The telephone rang at 11.30 p.m., getting her out of bed.
‘Port-of-London-West-India-Docks-nightwatchman speaking. We needs a nurse, or a doctor.’
‘What’s the matter? An accident at the docks?’ asked Chummy.
‘No. Woman ill, or somefink.’
‘A woman? Are you sure?’
‘’Course I’m sure. Think I can’t tell the difference?’
‘No, no. I didn’t mean that. No offence, old chap. But women are not allowed in the Docks.’
‘Well, this one’s ’ere all right. Captain’s wife or somefink, the mate says. Least, that’s what I think he’s tryin’ ’a say, because he can’t speak no English. Just rolls his eyes and groans and rubs ‘is tummy – vat’s why I called ve midwives.’
‘I’ll come. Where do I go to?’
‘Main gate. West India.’
‘I’ll be there in ten minutes.’
Chummy dressed in haste and went out into the night. It was windy. Not cold or raining, but a strong head wind made cycling slow, and it took Chummy nearly twenty minutes to reach West India Dock. The nightwatchman was sitting by the burning brazier next to the gate, which he unlocked.
‘You bin a long time. Bloody wind, I s’ppose. Don’t like ve wind.’
Chummy had never been inside the Dock gates before, and the place seemed eerie and alien in the darkness. The stretch of water in the basin looked vast, as she gazed down it, and the hulks of huge cargo boats loomed over the oily water. On the skyline numerous cranes criss-crossed each other. Some of the boats were dimly lit, but others were completely dark. The night watchman’s coke fire glowed on the quay. The wind caused the water to splash and the rigging to tremble, making hollow moaning sounds.
‘Swedish timber carrier on South Quay. Woman got a belly ache or somefink. Shouldn’t be there, I told the mate, but I reckons as ’ow he never understood.’
Reluctantly he hauled himself up, left his comfortable little hut and tipped some more coke onto the fire.
‘This way,’ he sighed mournfully. ‘Bloody women. Shouldn’t be ’ere, I says. I’ve go’ enough ’a do, wivout all vis.’
They made their way to the South Quay.
‘’ere we are. The
Katrina
. Yer rope ladder’s there and yer guiders.’
He grabbed a rope, pulled it and shouted. A faint sound was heard about forty feet up. The watchman was thinking of his fire, and his cosy hut, and the sausages and fried bread he was going to cook. ‘Bloody women,’ he muttered, ‘no offence to you, nurse.’
A head appeared over the side of the boat.
‘Ya?’
‘The nurse.’
‘Bra. Valkommen. Tack.’
‘Yer’ll ’ave to climb ve rope-ladder. It’s leeward o’ the wind, an’ won’t rock too much. You can climb this, can’t yer?’
Most women would have taken one look at the bulk of the ship towering above, at the slender rope ladder swinging dizzily in the wind, and said ‘No’. But not Chummy.
‘Right,’ she said, ‘Jolly-ho. But I think they will have to haul my bag up separately. I’m not sure I could carry it, and climb the ladder one handed.’
The watchman groaned, but tied the handle of the bag to a rope and shouted to the men above to start hauling.

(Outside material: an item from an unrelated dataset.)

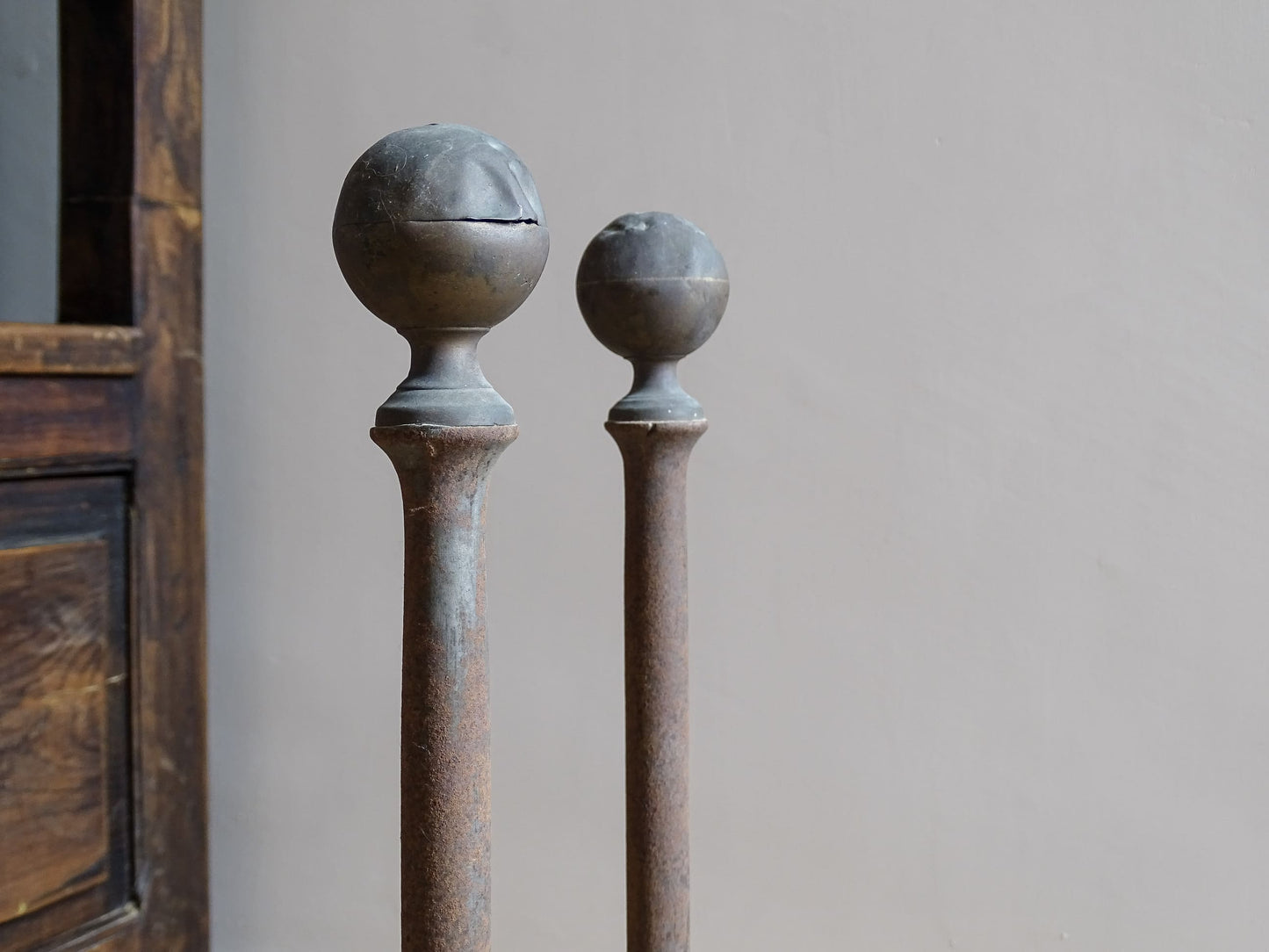 Pair of French antique cast iron andirons or fire dogs, dating to the 19th century. They are rustically aged. These antique fire dogs have globe finials and have beautifully simple farmhouse aesthetic.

Somehow they understood him, and Chummy watched it swinging upwards.
‘Now for it,’ she said, taking hold of the rope ladder.
‘Ever done this afore?’
‘We had a tree house when we were children, so I suppose you could say I’ve had some practice.’
‘The ’ardest part is when you jumps off, because you’re goin’ to ’it the side of ve boat. But just hold steady and yer’ll be all right. Ven you can start climbing.’